Os editoriais políticos mais complexos discutem o aumento de tarifas dos EUA contra produtos chineses, como a taxação de 100% sobre veículos elétricos chineses, o que poderia gerar risco inflacionário para os americanos. Outras matérias falam sobre "segurança hídrica na Ásia", "lixo radioativo japonês" e "comércio e o retorno do turismo chinês para Taiwan". Além disso, há bastante conteúdo sobre cultura, e, nos esportes, ênfase na paixão pelo futebol europeu. Dá para ter uma ideia.

Brasil

Agora, seguindo o espírito do tempo, vamos ao Brasil e às manchetes da Folha de S.Paulo, jornal da terceira maior democracia do planeta, um dia depois, 25 de setembro. A Folha é também o jornal mais influente do Brasil, produzido com altíssima qualidade técnica. A manchete principal: "Brasileiros gastam 21 bilhões de reais com apostas em agosto". Outra: "Copom adota tom mais duro sobre contas públicas e política fiscal", isso no país com os juros mais altos do planeta.

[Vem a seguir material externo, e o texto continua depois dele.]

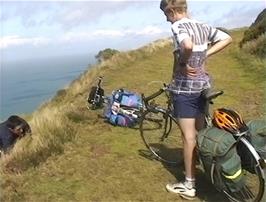 James pretends to have fallen off the edge at Highveer Point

Segue o baile: "País tem problemas com educação positiva". "País bate recorde de servidores com 12,7 milhões de profissionais no setor". No centro da capa do jornal, uma grande foto de um tamanduá ferido: "Unidade do interior de São Paulo atende número inédito de animais silvestres feridos em queimadas", diz a manchete. Outra: "Marçal só oferece arruaças ao eleitor". E ainda: "Itaú devolve ações da Eldorado, e caso registra renúncia de árbitro".

Matérias internacionais ganham o pé da página e versam sobre os bombardeios de Israel, e sobre Lula na ONU , com a frase: "Não terceirizo obrigações por seca". Mais à frente, o presidente Lula – pois assim deve ser chamado – recebe destaque na página três com o artigo: "Lula faz discurso de comentarista na ONU".

Como infere-se desde o início, este não é um artigo acadêmico, mas um simples espelho das vidas dos países, como ocorre todos os dias nos seus jornais e nas "news" em geral. A comparação pode ser feita diariamente, e o resultado deverá ser semelhante. Sei disso porque já o fiz várias vezes. Concretamente, o mundo é feito de palavras, do que é dito, histórias e ficções que refletem e moldam realidades, como diz Yuval Harari, o maior historiador do momento.

Este artigo jornalístico, objetivamente, não cede tampouco a qualquer intenção moralista ocidental, pois a China tem sua própria e complexa história – sempre viveu sob regimes de "muita autoridade" – e vem obtendo resultados econômicos impressionantes nas últimas décadas, enquanto o Brasil, "eterna jovem democracia", parece continuar se debatendo em miscelâneas, como aparece no jornal do dia.

O fato é que a China tem um Plano de 100 anos (1949-2050) e está colocando-o em prática, como refletido nas manchetes do China Daily. E o Brasil, com isso? Certamente o Brasil não tem um plano assim, mas somos muito grandes. Somos parceiros preferenciais da China, dos Estados Unidos e da Europa. Pode não parecer pelas nossas manchetes, mas somos o maior exportador de alimentos do planeta. Para ilustrar, produzimos 80% do suco de laranja do mundo e não informamos esses consumidores planetários, nem aos brasileiros. Alimentamos o mundo. Por isso, somos o quinto maior superavit comercial do planeta, donos de minerais estratégicos, grandes produtores de energia verde , o maior produtor de energia renovável entre países de consumo relevante, um dos maiores mercados internos de consumo do mundo, a maior reserva de água do planeta, um dos maiores potenciais turísticos do mundo e muito mais.

Caro leitor, vou parando por aqui, antes que seja acusado de defender o controle da imprensa – longe disso. Explico: por vezes, ouvimos de especialistas internacionais que nossa avançada imprensa trata muito mais de fatos do que de contextos. Seria porque o país se perde de seu contexto diariamente ou porque nossos meios de comunicação não têm o hábito de enxergar o lado positivo do Brasil, já que isso poderia ser visto como "chapa-branca"?